The oxygen-derived free radidicals induced lipid peroxidation reaction of polyvalent unsaturated fatty acid at plasmalemma, which developed lipid peroxidation products, such as MDA. So the MDA levels of sample serum showed the degree of lipid peroxidation injury of liver. The levels of MDA in ischemic reperfusion injury group at different time points were significantly higher than those in control (P < 0.01). The levels of MDA increased gradually after reperfusion, reached the peak 6 h after reperfusion, and then decreased. The levels of MDA in TNFα antibody treatment group were remarkably lower than those in ischemic reperfusion injury group (P < 0.01). The levels of MDA in TNFα antibody and ulinastatin treatment group were lower than those in ischemic reperfusion injury group and TNFα antibody treatment group (P < 0.01). (Figures 1 and 2).

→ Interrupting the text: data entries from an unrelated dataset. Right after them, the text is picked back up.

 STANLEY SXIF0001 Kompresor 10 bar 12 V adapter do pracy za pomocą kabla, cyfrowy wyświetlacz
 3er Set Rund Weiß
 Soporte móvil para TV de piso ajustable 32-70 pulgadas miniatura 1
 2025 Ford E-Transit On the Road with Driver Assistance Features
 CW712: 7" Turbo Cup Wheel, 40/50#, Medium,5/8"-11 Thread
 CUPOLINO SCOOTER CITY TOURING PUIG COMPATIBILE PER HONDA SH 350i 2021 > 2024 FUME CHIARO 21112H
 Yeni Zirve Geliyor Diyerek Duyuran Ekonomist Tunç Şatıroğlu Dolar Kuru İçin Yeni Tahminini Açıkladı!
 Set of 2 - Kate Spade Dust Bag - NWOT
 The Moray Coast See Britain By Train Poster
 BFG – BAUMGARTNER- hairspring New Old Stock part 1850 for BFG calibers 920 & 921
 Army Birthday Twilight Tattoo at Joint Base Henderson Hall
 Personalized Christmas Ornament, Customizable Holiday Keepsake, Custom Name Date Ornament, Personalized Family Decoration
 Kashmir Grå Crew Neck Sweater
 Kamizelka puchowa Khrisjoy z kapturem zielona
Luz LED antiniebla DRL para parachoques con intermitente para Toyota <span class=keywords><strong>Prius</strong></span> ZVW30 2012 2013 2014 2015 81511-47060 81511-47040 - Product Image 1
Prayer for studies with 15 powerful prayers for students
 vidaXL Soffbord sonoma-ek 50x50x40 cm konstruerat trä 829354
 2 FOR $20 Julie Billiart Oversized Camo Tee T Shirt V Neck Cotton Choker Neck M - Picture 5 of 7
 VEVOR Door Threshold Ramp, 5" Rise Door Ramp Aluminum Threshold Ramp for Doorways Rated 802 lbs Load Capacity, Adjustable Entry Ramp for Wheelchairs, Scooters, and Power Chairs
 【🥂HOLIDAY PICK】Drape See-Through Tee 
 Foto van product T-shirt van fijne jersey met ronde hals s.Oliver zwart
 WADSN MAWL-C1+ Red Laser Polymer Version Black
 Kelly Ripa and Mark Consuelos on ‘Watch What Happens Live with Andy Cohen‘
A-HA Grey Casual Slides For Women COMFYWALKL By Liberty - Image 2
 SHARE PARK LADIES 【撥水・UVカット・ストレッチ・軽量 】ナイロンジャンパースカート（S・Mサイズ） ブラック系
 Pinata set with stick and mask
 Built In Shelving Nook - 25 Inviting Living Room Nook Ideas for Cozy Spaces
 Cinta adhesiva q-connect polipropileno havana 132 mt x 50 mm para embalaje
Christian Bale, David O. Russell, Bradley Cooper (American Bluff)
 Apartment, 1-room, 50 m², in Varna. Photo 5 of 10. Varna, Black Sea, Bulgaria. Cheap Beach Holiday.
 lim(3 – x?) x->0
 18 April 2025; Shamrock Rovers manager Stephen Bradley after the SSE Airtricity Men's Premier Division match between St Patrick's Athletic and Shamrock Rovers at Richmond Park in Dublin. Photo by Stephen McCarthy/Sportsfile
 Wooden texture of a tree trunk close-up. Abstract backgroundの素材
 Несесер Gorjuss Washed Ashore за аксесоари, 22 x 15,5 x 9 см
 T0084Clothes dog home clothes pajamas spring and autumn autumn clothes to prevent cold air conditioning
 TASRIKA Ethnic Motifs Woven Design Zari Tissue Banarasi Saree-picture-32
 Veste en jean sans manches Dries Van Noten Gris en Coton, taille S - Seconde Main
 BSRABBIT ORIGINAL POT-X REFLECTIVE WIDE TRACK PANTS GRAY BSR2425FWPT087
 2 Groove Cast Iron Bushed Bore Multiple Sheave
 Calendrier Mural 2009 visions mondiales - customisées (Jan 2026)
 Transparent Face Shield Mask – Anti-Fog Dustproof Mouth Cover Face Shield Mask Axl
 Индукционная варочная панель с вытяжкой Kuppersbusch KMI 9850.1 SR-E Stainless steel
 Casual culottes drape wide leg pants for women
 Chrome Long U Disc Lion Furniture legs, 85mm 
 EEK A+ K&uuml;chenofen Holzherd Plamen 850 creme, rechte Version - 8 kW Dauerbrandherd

The blood stream in middle and left lobes of livers of rats was reperfused 1 h after blocked for 60 min. In ischemic reperfusion injury group, the middle and left lobes of livers were found to be swollen and faint. HE staining showed disorganized hepatic lobules and extensive hepatocytic edema with various degrees of vacuolation and lamellar necrosis. The liver tissues in TNFα antibody treatment group and in TNFα antibody + ulinastatin treatment group were found to insignificantly swollen and faint in appearance. HE staining showed a sprinkle of hepatocytic edema without vacuolation and lamellar necrosis. (Figures 3 and 4).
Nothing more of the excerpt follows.